What the task asks: Pictures excluded, copy all of the data below exactly.

Collected data:
☆ ☆ ☆

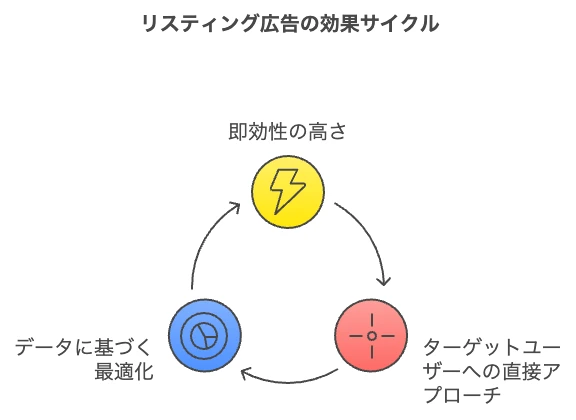 リスティング広告の効果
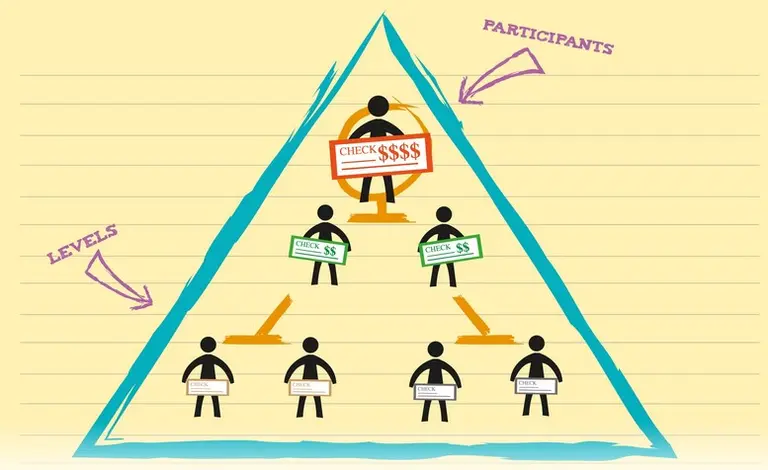 Cómo funciona el esquema Ponzi que dejó al borde de la ruina a esta estrella de Hollywood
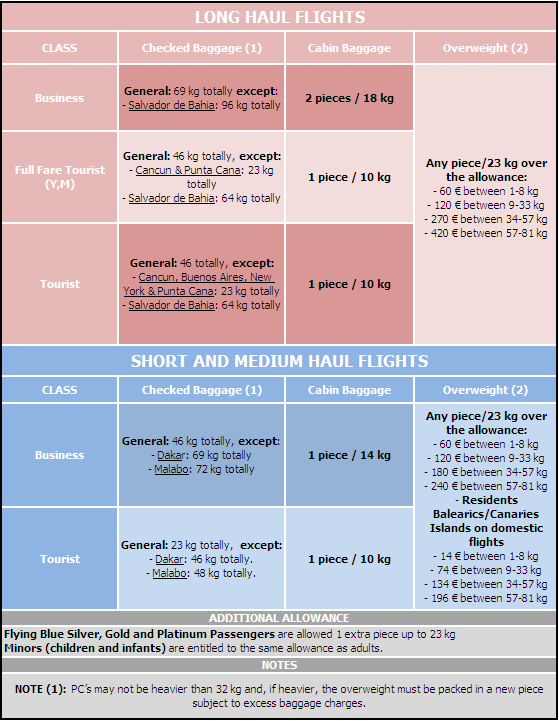 air europa cabin baggage allowance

☆ ☆ ☆

Your response:
 リスティング広告の効果
 Cómo funciona el esquema Ponzi que dejó al borde de la ruina a esta estrella de Hollywood
 air europa cabin baggage allowance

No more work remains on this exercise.